Sims proved to be a plug—and—play left guard. The upgrade was noticeable from day one. Sims was stalwart in pass blocking, where he stabilized the left side of the offensive line.
Sims, however, has a down side. Run blocking has never been his forte, and it showed statistically, as well as with the eyeball.
Sims was the 39th ranked offensive guard at Pro Football Focus. Sims saw 1138 snaps, and committed only two penalties. Sims graded out nicely in pass protection, yielding three sacks, four QB hits, and 18 QB pressures.
Statistically, Sims was a horrible run blocker. This, I suspect, may have been partially a function of the Lions rushing game in general.
A systemic failure.
So, what does the future hold for OG Rob Sims? I am certain of one thing. George Yarno, the Lions offensive line coach will have Sims on a steady diet of lower body strength work, and technique training. Sims must get his pad level lower than the defensive player in front of him.
Sims, in my humble estimation, will need to show some incremental improvement in run blocking, or he will succumb to the "square peg" syndrome again.
Houston was a second round draft pick (41st, overall) by the Atlanta Falcons in 2007. The former Razorback star seemed to have the "chops" to be a fixture in Atlanta’s secondary.
When Atlanta pulled the trigger on the bombshell free agency acquisition of Dunta Robinson, something had to give. That something was Chris Houston, who found that he was the square peg in Atlanta‘s secondary.
Mere days after Atlanta signed Robinson, Mayhew came calling. Houston would become a Lion for a sixth round draft pick in 2010, and a conditional seventh round pick in 2011.
Now, I gotta tell ya, some deals seem too good to be true. This was the consensus of opinion amongst Lions fans.
Had Mayhew gone Jerry Jones?
I watched Houston daily in training camp, where he was matched in mano y mano battles with Calvin Johnson. In the beginning, Houston looked like a rookie. That’s to be expected from a newbie.
However, as training camp wore on, Houston was actually winning some of those battles. The improvement was very noticeable to even the most casual observer.

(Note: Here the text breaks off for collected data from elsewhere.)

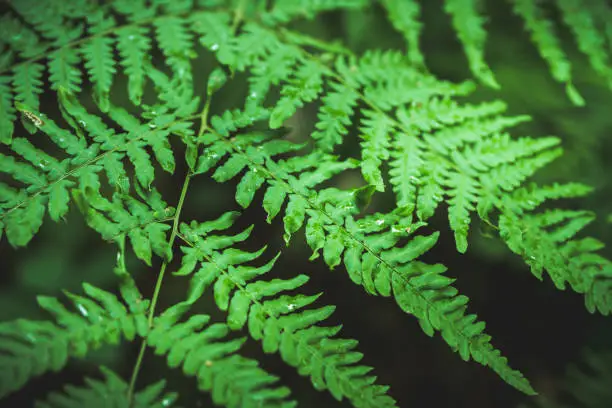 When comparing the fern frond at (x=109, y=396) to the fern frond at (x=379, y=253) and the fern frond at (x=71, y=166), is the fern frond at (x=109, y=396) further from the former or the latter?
the fern frond at (x=379, y=253)

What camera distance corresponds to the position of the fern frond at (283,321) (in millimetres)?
1247

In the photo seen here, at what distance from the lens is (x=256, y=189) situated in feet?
5.11

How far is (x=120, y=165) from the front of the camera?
150 cm

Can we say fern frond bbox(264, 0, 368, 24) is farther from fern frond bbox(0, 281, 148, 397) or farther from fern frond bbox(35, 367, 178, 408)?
fern frond bbox(35, 367, 178, 408)

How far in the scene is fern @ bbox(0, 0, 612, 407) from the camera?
1260mm

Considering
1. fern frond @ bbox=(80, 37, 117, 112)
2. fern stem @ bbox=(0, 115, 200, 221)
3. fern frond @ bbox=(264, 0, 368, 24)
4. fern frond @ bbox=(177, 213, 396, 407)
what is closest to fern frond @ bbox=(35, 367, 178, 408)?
fern frond @ bbox=(177, 213, 396, 407)

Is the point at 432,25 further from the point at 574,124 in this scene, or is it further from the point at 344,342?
the point at 344,342

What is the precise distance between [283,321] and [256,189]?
484 millimetres

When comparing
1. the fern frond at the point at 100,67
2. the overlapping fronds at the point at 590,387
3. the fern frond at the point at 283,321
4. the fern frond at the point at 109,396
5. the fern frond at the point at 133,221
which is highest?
the fern frond at the point at 100,67

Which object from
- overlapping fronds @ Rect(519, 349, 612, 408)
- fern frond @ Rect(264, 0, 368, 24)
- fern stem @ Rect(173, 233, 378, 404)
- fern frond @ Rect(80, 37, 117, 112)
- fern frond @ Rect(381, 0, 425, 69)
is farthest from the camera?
fern frond @ Rect(264, 0, 368, 24)

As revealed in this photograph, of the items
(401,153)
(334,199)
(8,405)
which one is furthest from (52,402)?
(8,405)

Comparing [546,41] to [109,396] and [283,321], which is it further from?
[109,396]

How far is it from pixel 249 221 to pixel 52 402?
1.65m

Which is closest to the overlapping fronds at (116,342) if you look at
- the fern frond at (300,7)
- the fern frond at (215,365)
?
the fern frond at (215,365) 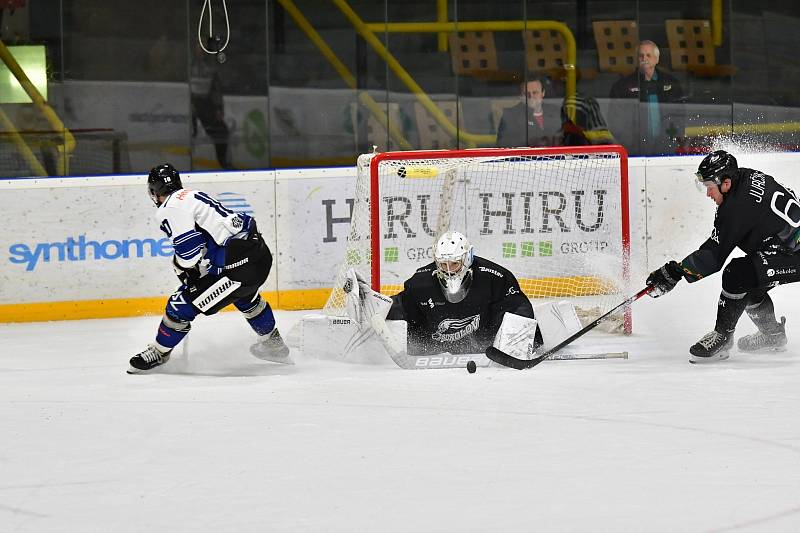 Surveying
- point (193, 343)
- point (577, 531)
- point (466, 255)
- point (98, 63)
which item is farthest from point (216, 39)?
point (577, 531)

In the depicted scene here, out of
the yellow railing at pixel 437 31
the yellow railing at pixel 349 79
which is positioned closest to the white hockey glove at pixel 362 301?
the yellow railing at pixel 349 79


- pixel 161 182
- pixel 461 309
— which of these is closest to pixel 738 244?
pixel 461 309

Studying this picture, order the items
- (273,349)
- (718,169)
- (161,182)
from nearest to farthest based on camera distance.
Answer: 1. (718,169)
2. (161,182)
3. (273,349)

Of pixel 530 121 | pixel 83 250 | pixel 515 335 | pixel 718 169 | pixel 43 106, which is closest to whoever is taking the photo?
pixel 515 335

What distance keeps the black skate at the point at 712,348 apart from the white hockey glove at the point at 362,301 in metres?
1.33

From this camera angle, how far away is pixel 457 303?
19.5ft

Who in the NFL has a tougher job than covering Calvin Johnson every day? Such is the hubris of Chris Houston, who is 5’ 11", and 178 lbs, going up against the 6’ 5", 236 lb "Megatron", who has him seriously outgunned in every respect.
It has been said: "That which doesn’t kill you will make you stronger."
Houston and CJ are by no means strangers. They worked out together in preparation for the 2007 draft. One can only imagine the chagrin of Houston in those early days: "OMG! This Johnson guy’s a freak of nature!"
The irony of having to cover the "Big Johnson" in practice daily was, and is a serious growing experience for Houston.
Now, nobody will speak Houston’s name in the same breath with Derrell Revis, or Nnamdi Asomugha, but Houston did not embarrass the Lions as the starting left CB.
Although Houston was ranked as the 75th CB at Pro Football Focus, he was a nice upgrade over the CB’s that the Lions swept away in the great DB purge of 2010.
What does the future hold for the scrappy Houston? He’s testing the free agency market in 2011. If the Lions invoke their right of last refusal on Houston, it could be a byproduct of those daily battles with Calvin Johnson.
Proud members of the "Square Peg Brigade."